At least, not in the traditional role of the GPU. While Fermi offers no surprises for those wishing to play games, those who wish to use the GPU as a general computer processor already have their eyes on Fermi. This is because Fermi offers multiple features which are focused towards advancing the performance of Nvidia GPUs in general computing situations.
Steps in this direction are the Fermi’s improvement in double-precision performance and the inclusion of EEC memory. The double-precision performance of Fermi will likely be higher than any GPU to date. This is a big deal, as double precision operations are often required in the general compute applications Nvidia is aiming for. EEC (Extended Error Correction) memory is included for the same reason. It allows for correction of errors in the memory bus, a must-have for many who are interested in using GPUs instead of CPUs in super-computers, and maybe normal ones too.
Pioneer
In fact, the orientation of Fermi towards general computing applications exists at every level. For example, Fermi is capable of parallel kernal execution. This means that the GPU will be better able to handle multiple tasks at one time, which is important in general computing. Fermi is also being designed alongside new tools which will make it very easy for programmers to take advantage of Fermi GPUs and a new ISA (instruction set architecture) which Nvidia says will fully support C++.
None of that has much to do with playing Crysis. But Nvidia is not just interested in gamers anymore. It is interested in movie studios which need to render 3D animated films as quickly as possible and in companies which need a small and relatively cheap supercomputer capable of processing huge amounts of data in parallel. This is a market that is still in many ways untapped, there being a huge gap in price and performance between a high-end workstation and low end supercomputer, and a market in which Nvidia has an edge.

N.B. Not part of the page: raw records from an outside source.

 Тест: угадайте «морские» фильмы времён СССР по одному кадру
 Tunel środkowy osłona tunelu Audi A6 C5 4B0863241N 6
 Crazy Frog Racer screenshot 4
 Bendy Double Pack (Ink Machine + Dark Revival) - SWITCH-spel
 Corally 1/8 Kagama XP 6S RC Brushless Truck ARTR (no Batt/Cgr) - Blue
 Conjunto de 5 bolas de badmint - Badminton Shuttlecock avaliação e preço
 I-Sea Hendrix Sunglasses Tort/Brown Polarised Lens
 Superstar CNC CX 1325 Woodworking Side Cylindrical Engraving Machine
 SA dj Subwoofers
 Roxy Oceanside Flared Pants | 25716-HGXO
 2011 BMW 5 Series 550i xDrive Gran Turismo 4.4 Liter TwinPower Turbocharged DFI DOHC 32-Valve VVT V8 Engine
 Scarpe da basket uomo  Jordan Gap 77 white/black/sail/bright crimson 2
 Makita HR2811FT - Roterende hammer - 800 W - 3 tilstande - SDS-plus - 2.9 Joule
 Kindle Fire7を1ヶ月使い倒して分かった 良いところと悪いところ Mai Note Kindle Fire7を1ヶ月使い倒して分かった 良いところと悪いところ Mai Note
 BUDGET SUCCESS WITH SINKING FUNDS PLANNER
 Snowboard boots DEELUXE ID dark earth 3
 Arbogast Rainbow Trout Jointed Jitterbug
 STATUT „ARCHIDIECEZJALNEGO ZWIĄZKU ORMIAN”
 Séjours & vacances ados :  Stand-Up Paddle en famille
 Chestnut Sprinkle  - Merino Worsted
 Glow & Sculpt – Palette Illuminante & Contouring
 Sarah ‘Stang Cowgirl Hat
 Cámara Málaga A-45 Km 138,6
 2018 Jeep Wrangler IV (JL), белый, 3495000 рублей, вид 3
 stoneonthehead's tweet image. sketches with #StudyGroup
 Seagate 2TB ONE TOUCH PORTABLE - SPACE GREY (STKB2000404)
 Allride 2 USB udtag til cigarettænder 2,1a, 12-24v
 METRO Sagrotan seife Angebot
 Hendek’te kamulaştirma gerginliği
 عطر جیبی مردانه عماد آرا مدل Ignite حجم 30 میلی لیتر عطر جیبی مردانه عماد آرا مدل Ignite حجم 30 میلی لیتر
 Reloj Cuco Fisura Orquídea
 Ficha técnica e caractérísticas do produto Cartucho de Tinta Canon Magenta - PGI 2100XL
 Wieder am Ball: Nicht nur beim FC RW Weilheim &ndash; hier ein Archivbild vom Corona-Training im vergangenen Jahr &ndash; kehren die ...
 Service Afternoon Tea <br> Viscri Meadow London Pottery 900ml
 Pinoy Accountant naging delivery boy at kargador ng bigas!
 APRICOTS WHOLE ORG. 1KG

What is unclear is to what extent Nvidia’s push towards serving that market will affect its support of the traditional desktop GPU market. The release of Fermi based products will be one to watch very closely, as it will determine if Nvidia is really intending to try and serve both markets or if Nvidia is planning to eventually pull out of desktop graphics altogether. No matter what Nvidia intends, the results should be interesting.